**Assignment:** Everything from the line with "Rəhbərliklə bütün işgüzar əlaqələrim bitib" down to the line with "SEAGATE 8TB 3.5" below must be printed exactly, those two lines included. Exclude pictures.

**Information:**
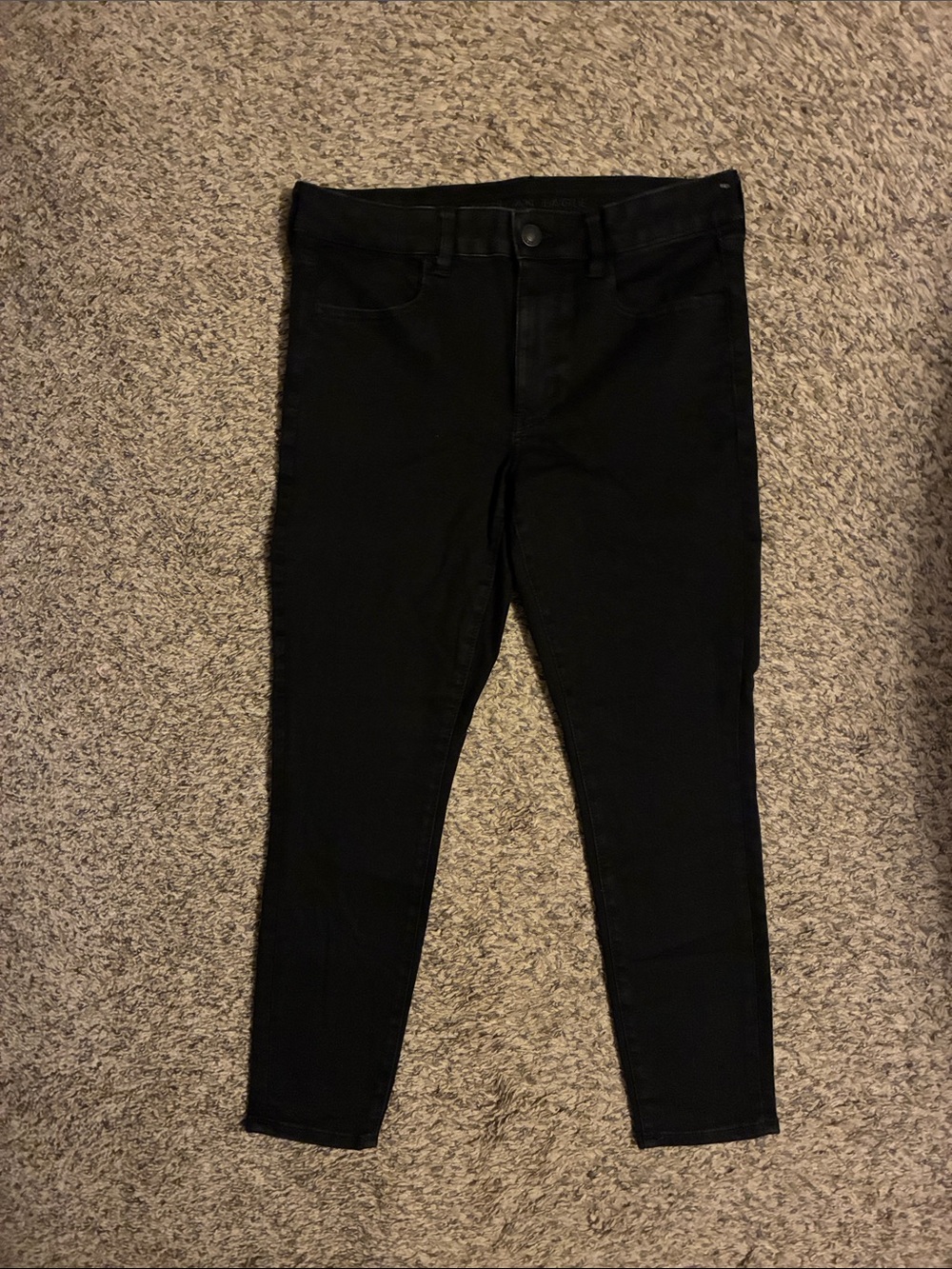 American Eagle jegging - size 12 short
...
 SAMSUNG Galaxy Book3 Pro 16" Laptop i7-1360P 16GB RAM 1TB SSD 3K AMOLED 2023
==
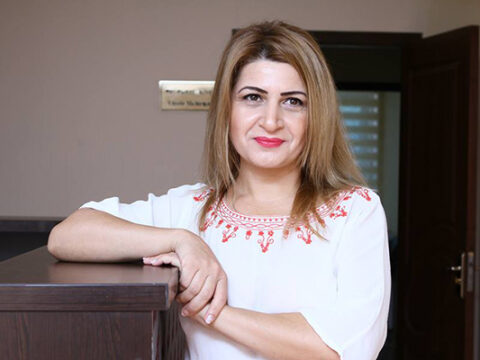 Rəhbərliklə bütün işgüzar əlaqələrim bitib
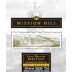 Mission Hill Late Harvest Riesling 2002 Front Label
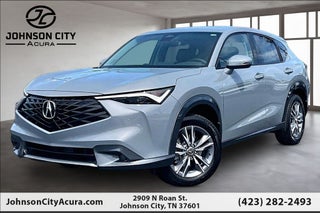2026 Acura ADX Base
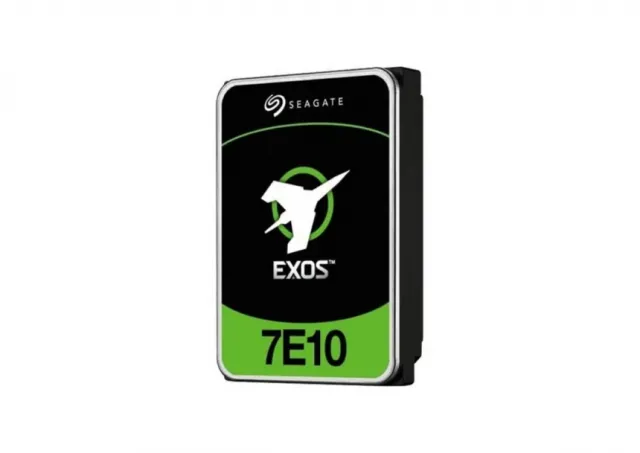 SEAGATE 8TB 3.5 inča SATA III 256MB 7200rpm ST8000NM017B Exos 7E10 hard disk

**Output of the exercise:**
 Rəhbərliklə bütün işgüzar əlaqələrim bitib
 Mission Hill Late Harvest Riesling 2002 Front Label
2026 Acura ADX Base
 SEAGATE 8TB 3.5 inča SATA III 256MB 7200rpm ST8000NM017B Exos 7E10 hard disk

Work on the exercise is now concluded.